La persistance et l'ampleur croissante de cette réserve d'eau faiblement salée pose problème à différents titres, note Carlo Heip, qui dirige l'institut de Texel et coordonne le Projet CLAMER (abréviation de Climate Change and European Marine Ecosystem Research). Le 5 avril dernier, le CLAMER, qui fédère 19 instituts de recherche de 11 pays européens, a publié les données relatives à la désalinisation relative de la zone du Gyre de Beaufort.
"L'eau douce n'est guère tolérée par les organismes marins," souligne M. Heip. Le plancton (la base de la chaîne alimentaire marine) qui viendrait à dériver dans ce réservoir d'eau douce "serait largement détruit," explique ce biologiste de la vie marine.

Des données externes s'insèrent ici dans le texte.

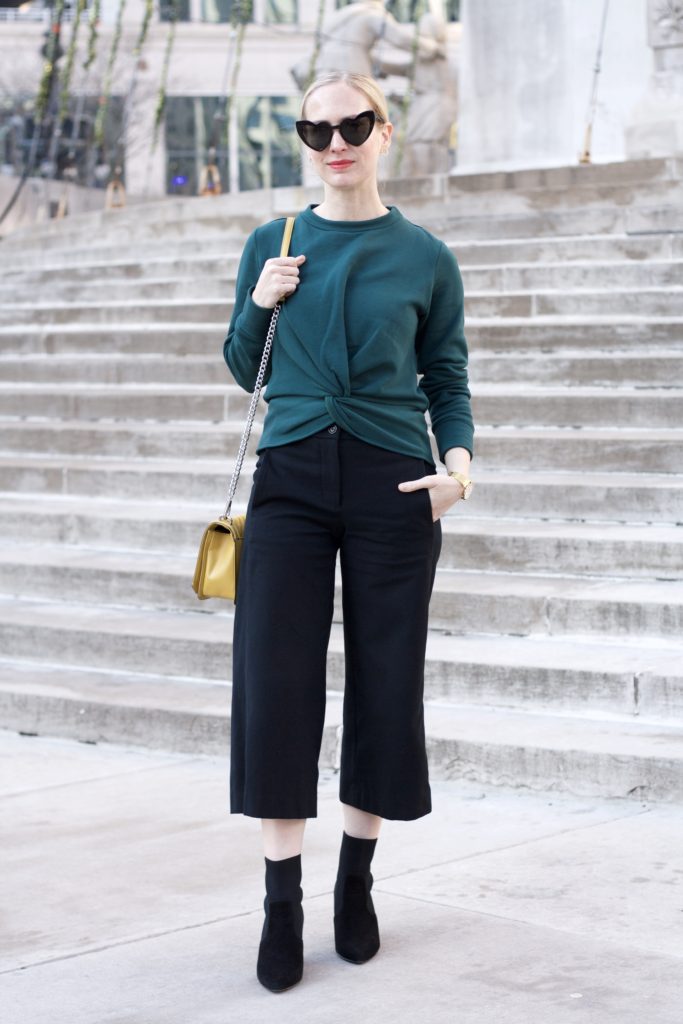 amour vert, cropped pants with ankle boots, teddy coat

"Rien observé de tel n'a encore été observé," ajoute-t-il, mais, "nous n'avons pas non plus centré nos recherches sur cet aspect." Ce qui nous inquiète le plus, ajoute M. Heip, c'est les effets probables de la dispersion inévitable de cette masse d'eau douce dans l'Atlantique Nord. En effet, elle pourrait altérer la circulation thermohaline ou "la courroie de transmission" de l'Atlantique Nord - un système de courants marins qui détermine tous les flux océaniques. M. Heip fait état des simulations informatiques montrant que cette courroie de transmission pourrait être freinée si trop d'eau douce se déversait brutalement dans l'Atlantique Nord. Or, le ralentissement de ces courants pourrait s'accompagner d'un changement de trajectoire, explique-t-il, voire d'un refroidissement hivernal en certains points de l'hémisphère Nord.

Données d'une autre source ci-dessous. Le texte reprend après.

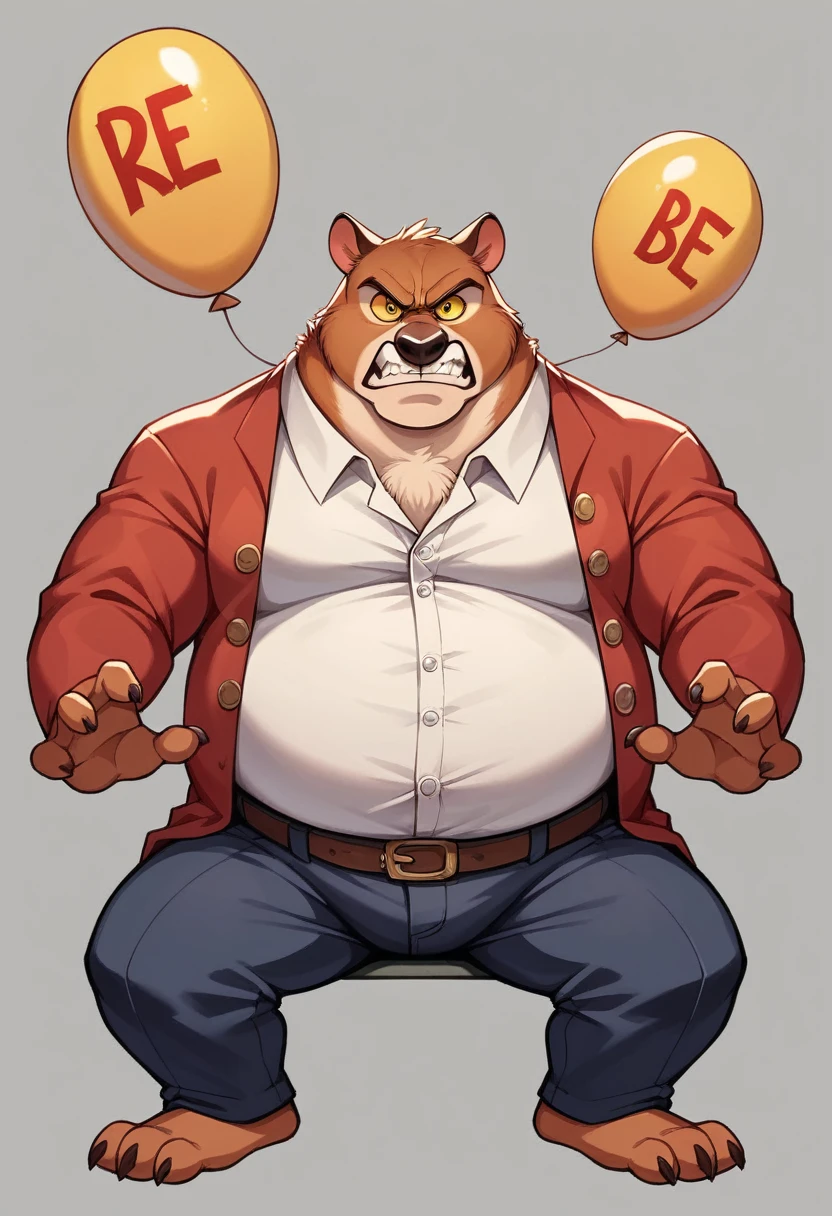 (Alone), (three headed wolf), adult male, ((masculine, furry, detailed eyes)), by dramamina:1.3, by disney, Obese, Gray background, button up, Cowboys, belt, Text balloons:1.5, correct hands, ultra detailed, pose natural, ((angry, arguing, bickering, ceñudo, eye contact:0.9)), barba, sitting in a recliner, yellow eyes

Les données collectées par le CLAMER sur la désalinisation relative de l'Arctique ont été publiées. Benjamin Rabe de l'institut Alfred Wegener de Bremerhaven (Allemagne) sur la recherche polaire et marine, n'est pas surpris par ces données. Dans l'édition de février de Deep Sea Research I, (résultat de la recherche internationale en haute mer) l'équipe qu'il dirige signalait une désalinisation du Gyre de Beaufort.
Ce groupe de chercheurs estime que le réservoir d'eau douce ainsi isolé représente quelque 8400 kilomètres cubes soit un apport supplémentaire de 20 % d'eau douce par rapport à la réserve normalement présente dans les eaux et les glaces arctiques. "Cela signifie que le réservoir est substantiel," ajoute-t-il. Le volume estimé par M. Rabe correspond en outre à la quantité d'eau douce que l'Arctique déverse chaque année dans l'Atlantique Nord.
La rupture de cette réserve d'eau douce supplémentaire dans l'Arctique et son déversement soudain dans l'Atlantique aurait des conséquences imprévisibles sur la courroie de transmission thermique, commente encore M. Rabe. Mais, pour le spécialiste en océanie physique, de nombreuses recherches "indiquent qu'un tel événement aurait un impact considérable". "D'où la nécessité d'étudier le phénomène de près."
Nous savons parfaitement qu'un déversement d'eau douce à très grande échelle dans l'Atlantique Nord "altérerait substantiellement les températures et le climat," indique James C. McWilliams de l'université d'UCLA. Et d'ajouter, "mais pas à l'échelle de la masse d'eau qui s'est constituée à ce jour dans l'Arctique. Tant que le réservoir ne gonfle pas considérablement sans crever, je ne suis pas très inquiet," poursuit-il, au moins pour ce qui est du risque climatique.